▶ [YOUR TASK] Word for word, copy the line that contains "TRUE RELIGION LOGO" and each line after it in the data below. Pictures stay out of the copy.

****

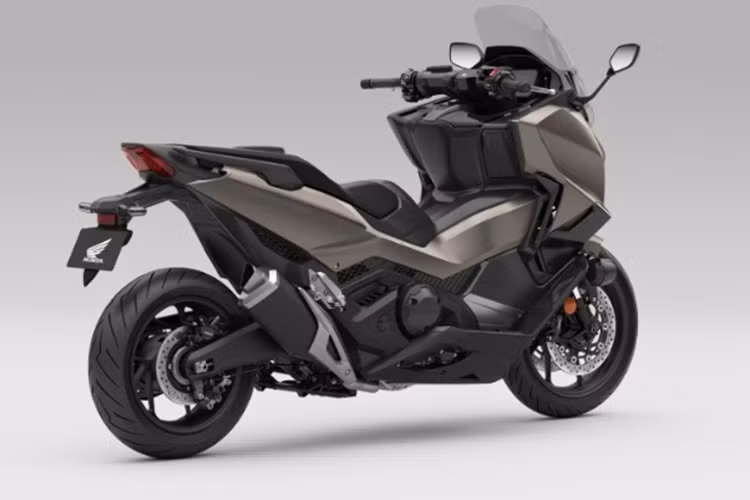 Ngoài ra, xe còn có tính năng kiểm soát hành trình, hệ thống khóa thông minh. Theo kế hoạch, Honda Forza 750 thế hệ mới sẽ được bán ra vào đầu năm 2025. Mức giá xe Honda Forza 750 2025 bán dự kiến là 10.499 bảng Anh (tương đương 341 triệu đồng).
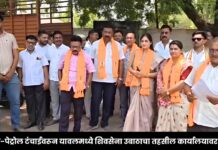 डिझेल-पेट्रोल टंचाईवरून यावलमध्ये शिवसेना उबाठाचा तहसील कार्यालयावर मोर्चा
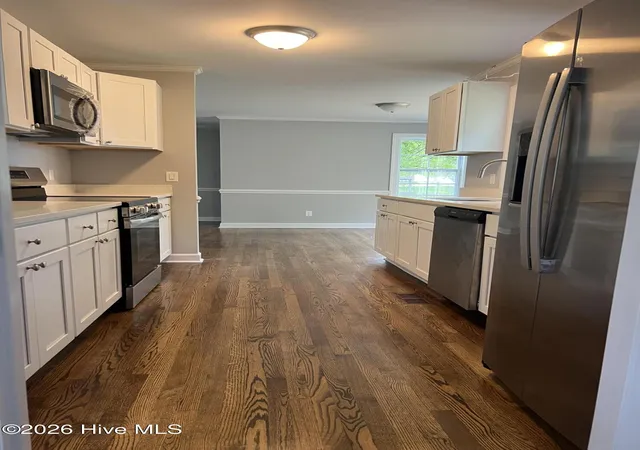 Photo 3 of Single family home for sale at 2304 Woodridge Dr, Winterville, NC 28590 | MLS# 100602155 | Listing updated on 2026-09-08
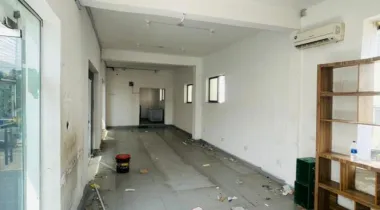 A very big shop  Ground floor  Available for offices too  Available for rent  Saloon isn’t allow 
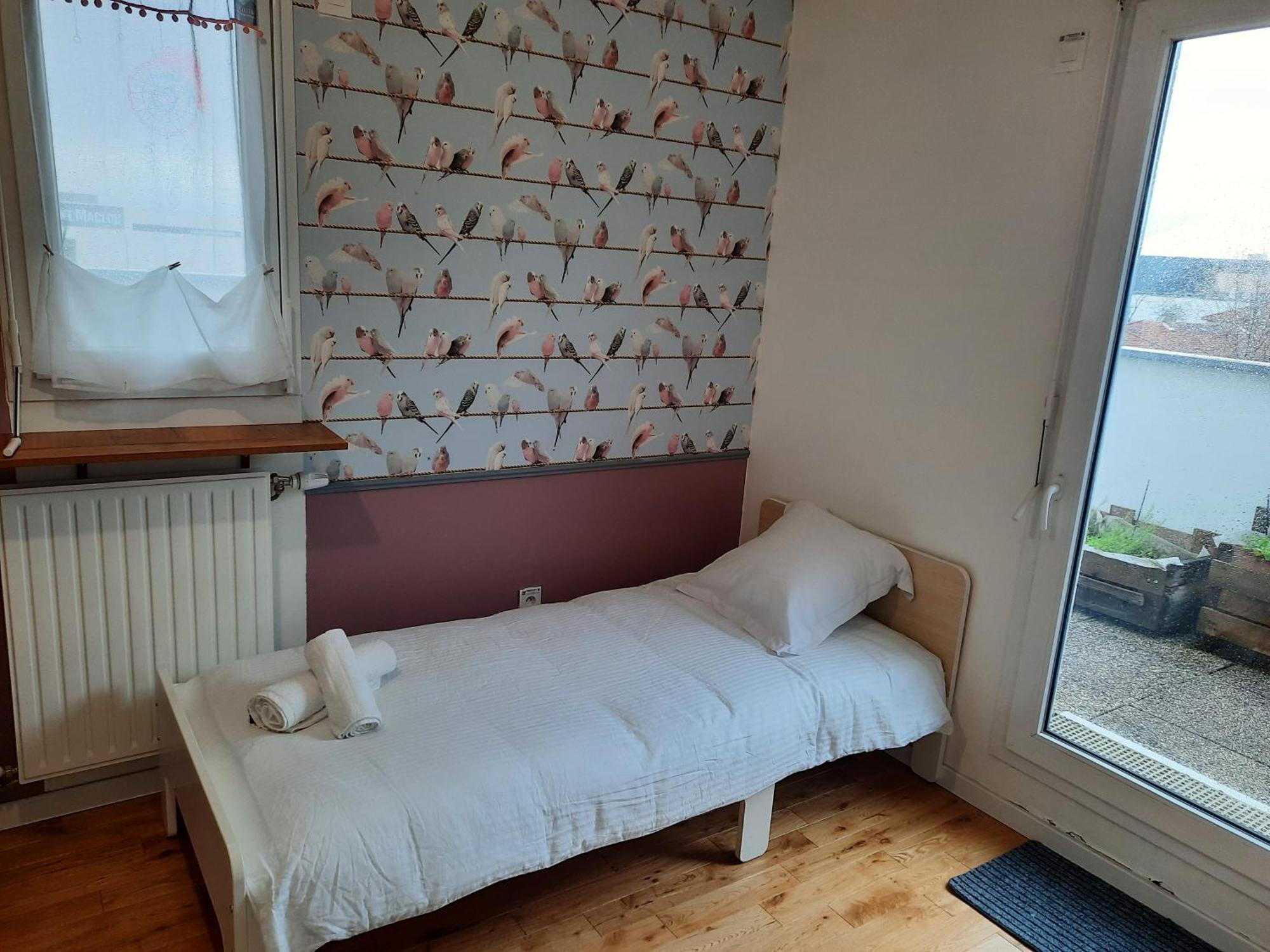 Magnifique Appartement Avec Terrasse Et Parking, 8 Personnes Nanterre Luaran gambar
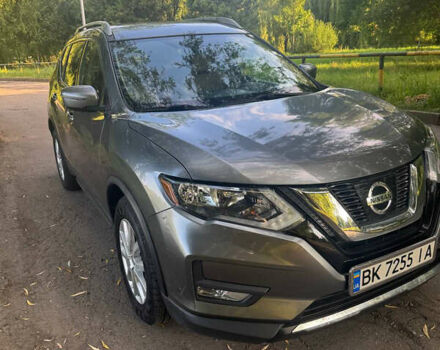 Ніссан Rogue 2017 у Рівному на Automoto.ua Сірий Ніссан Rogue, об'ємом двигуна 2.5 л та пробігом 100 тис. км за 15500 $, фото 8 на Automoto.ua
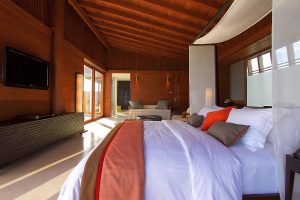 La chambre d'une Park Water Villa du Park Hyatt Maldives Hadahaa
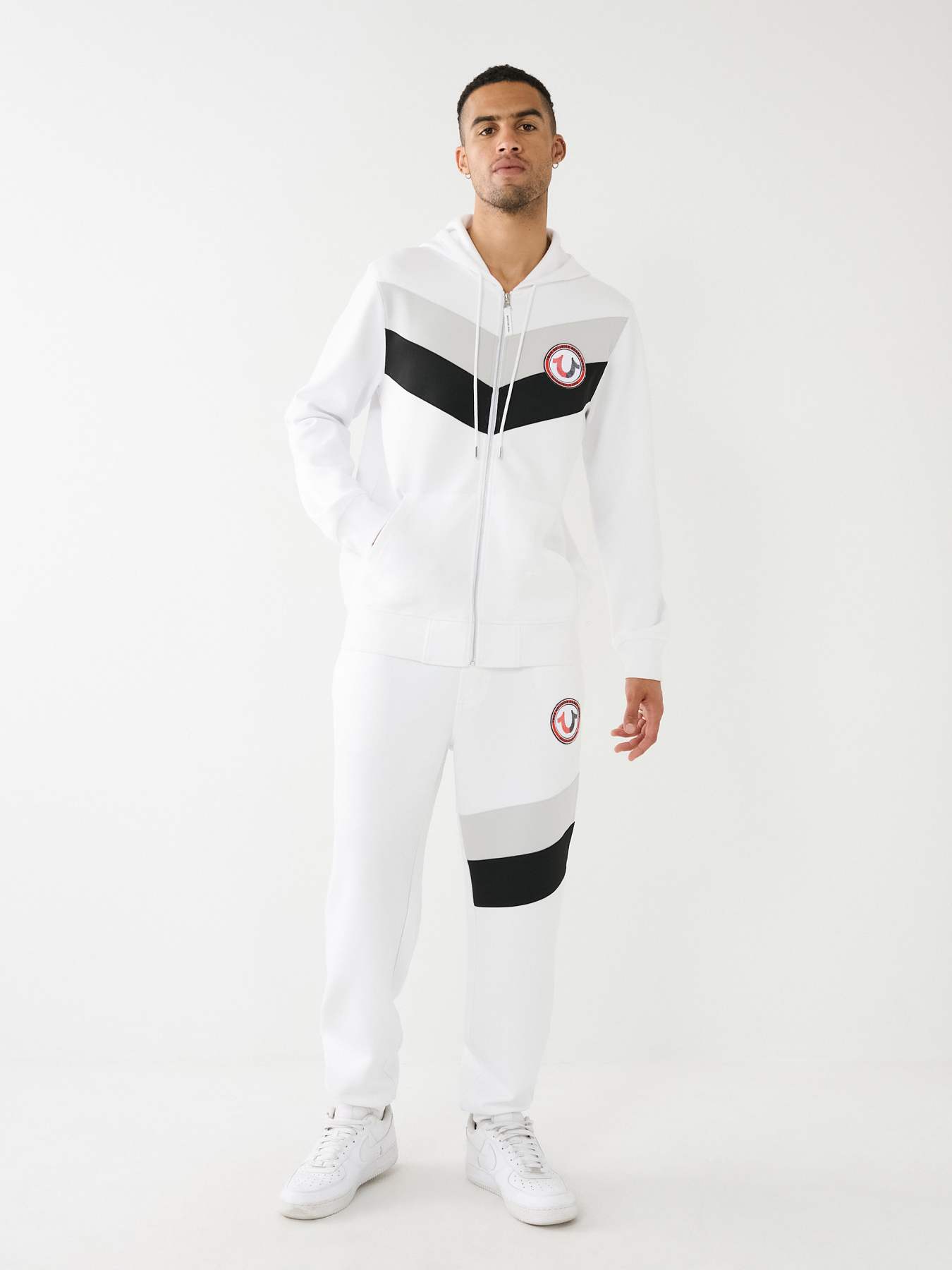 TRUE RELIGION LOGO PATCH ZIP HOODIE True Religion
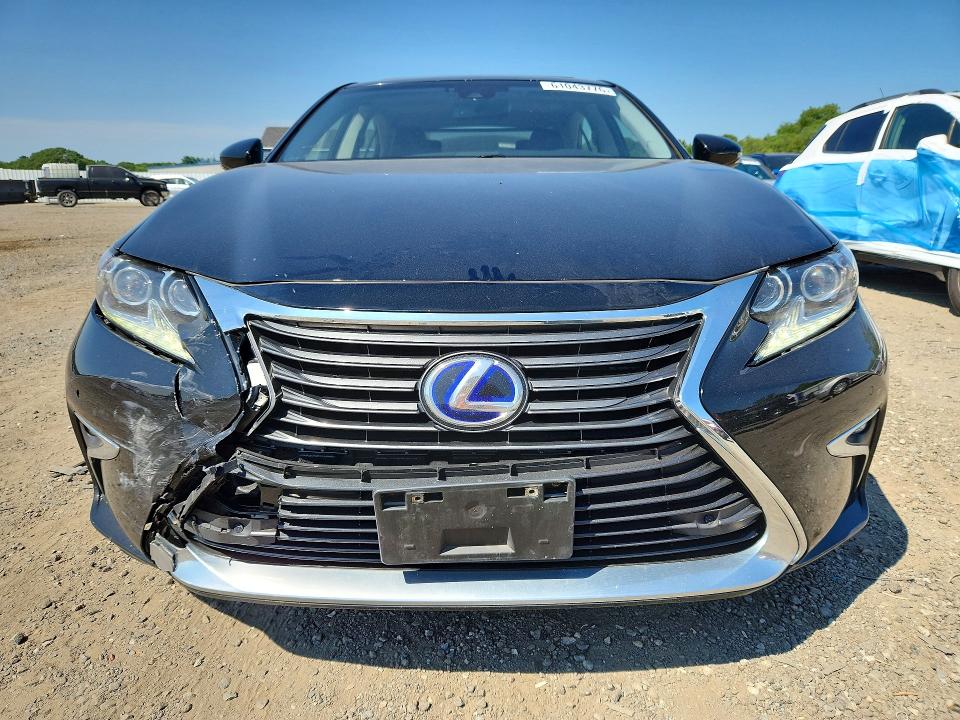 Продажа на аукционе авто 2016 Lexus Es, vin: JTHBW1GG5G2110992, номер лота: 61043776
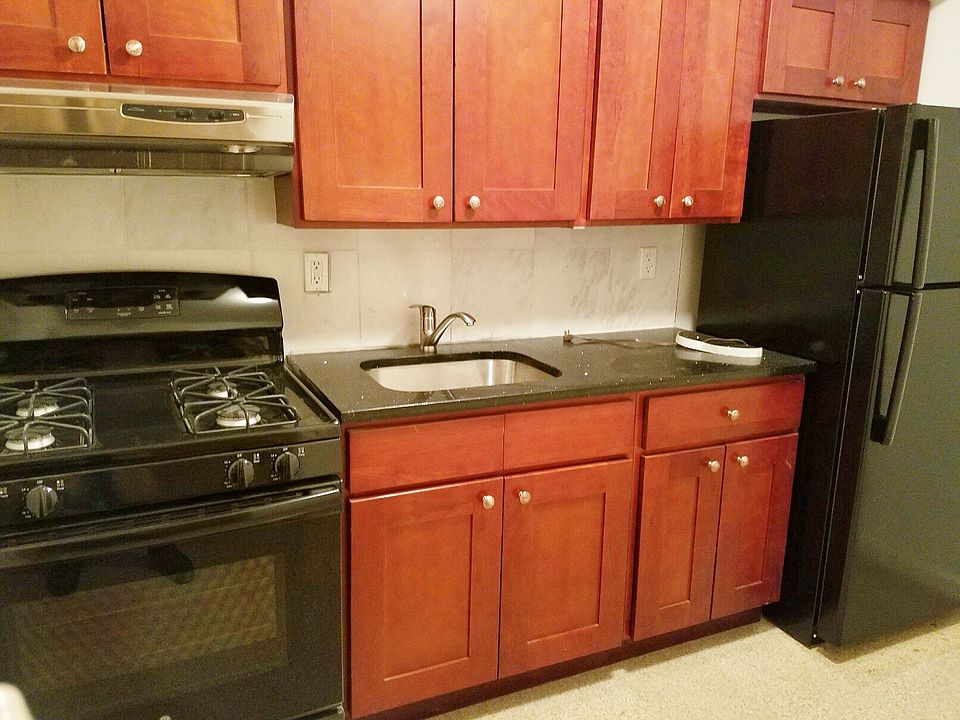 1st image of 2524 Broadway #2A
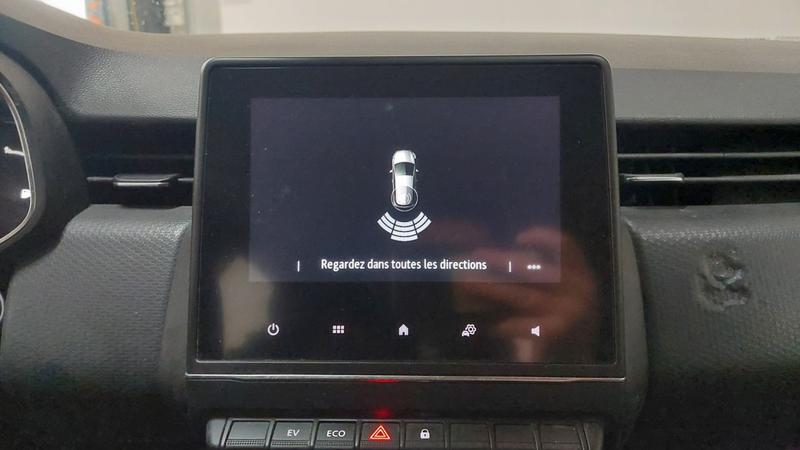 Renault Clio V Business E-Tech 140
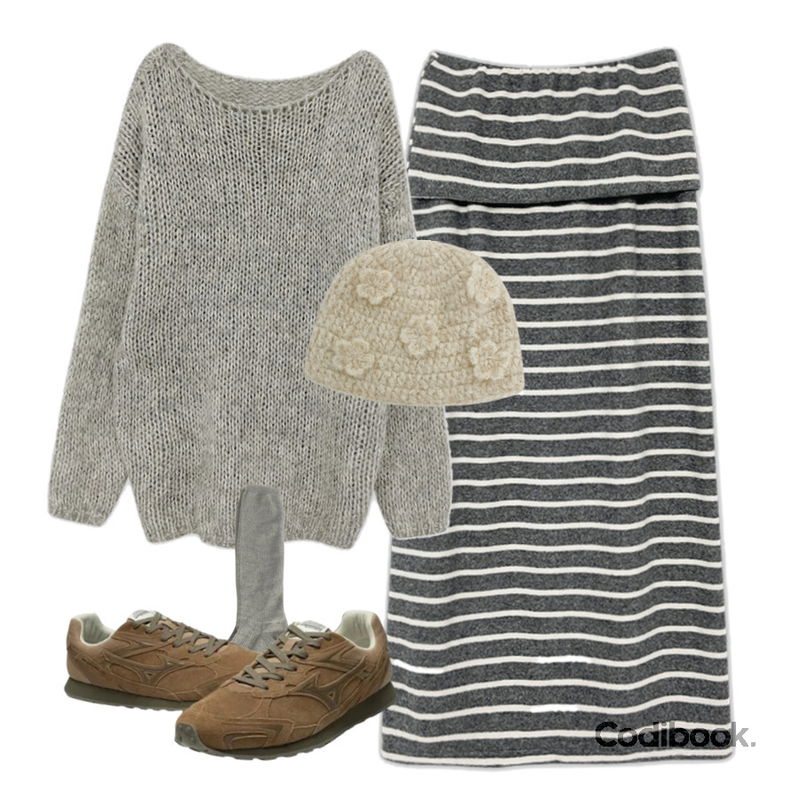 EEZEE Long Basic Knee Socks AC006,moaround 아루빈 단가라 겉기모 밴딩 레이어드 롱 스커트 -2color,moaround 헤리오 루즈핏 보트넥 보카시 긴팔 니트 -5color등을 매치한 코디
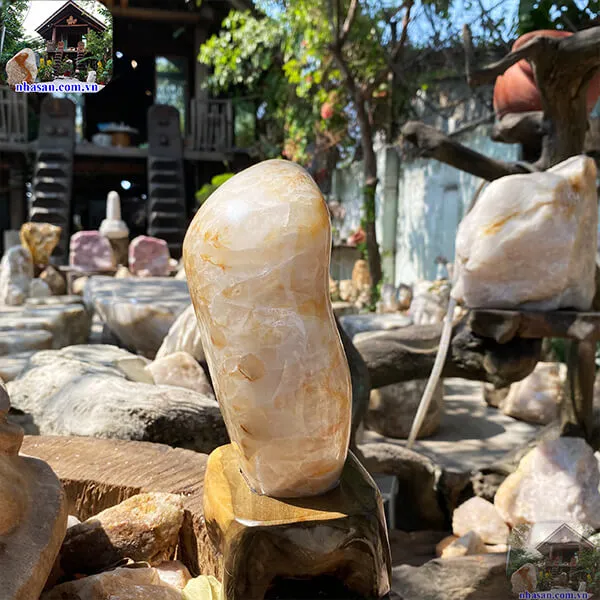 Thạch anh bông vàng 2.96kg (KT: 24.5 x 10 cm) - TAV152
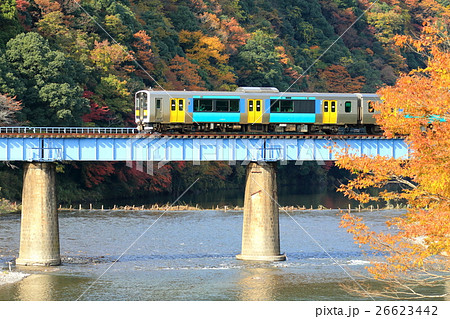水郡線「久慈川と紅葉を背景に」 26623442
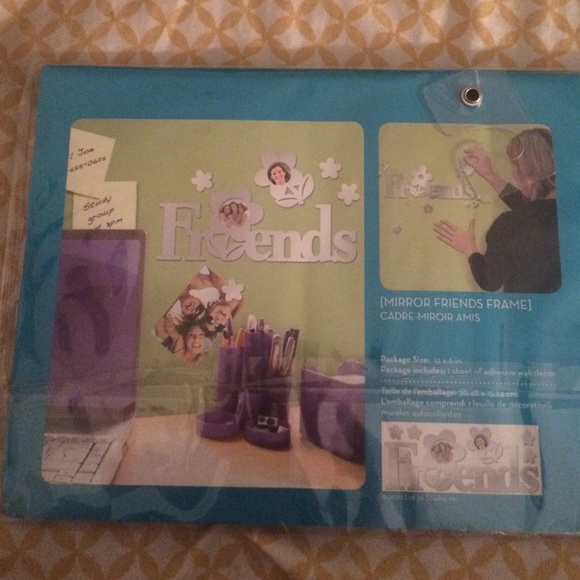 Mirror frame wall decor - Picture 4 of 4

****

▶ [SOLUTION BELOW]
 TRUE RELIGION LOGO PATCH ZIP HOODIE True Religion
 Продажа на аукционе авто 2016 Lexus Es, vin: JTHBW1GG5G2110992, номер лота: 61043776
 1st image of 2524 Broadway #2A
 Renault Clio V Business E-Tech 140
 EEZEE Long Basic Knee Socks AC006,moaround 아루빈 단가라 겉기모 밴딩 레이어드 롱 스커트 -2color,moaround 헤리오 루즈핏 보트넥 보카시 긴팔 니트 -5color등을 매치한 코디
 Thạch anh bông vàng 2.96kg (KT: 24.5 x 10 cm) - TAV152
水郡線「久慈川と紅葉を背景に」 26623442
 Mirror frame wall decor - Picture 4 of 4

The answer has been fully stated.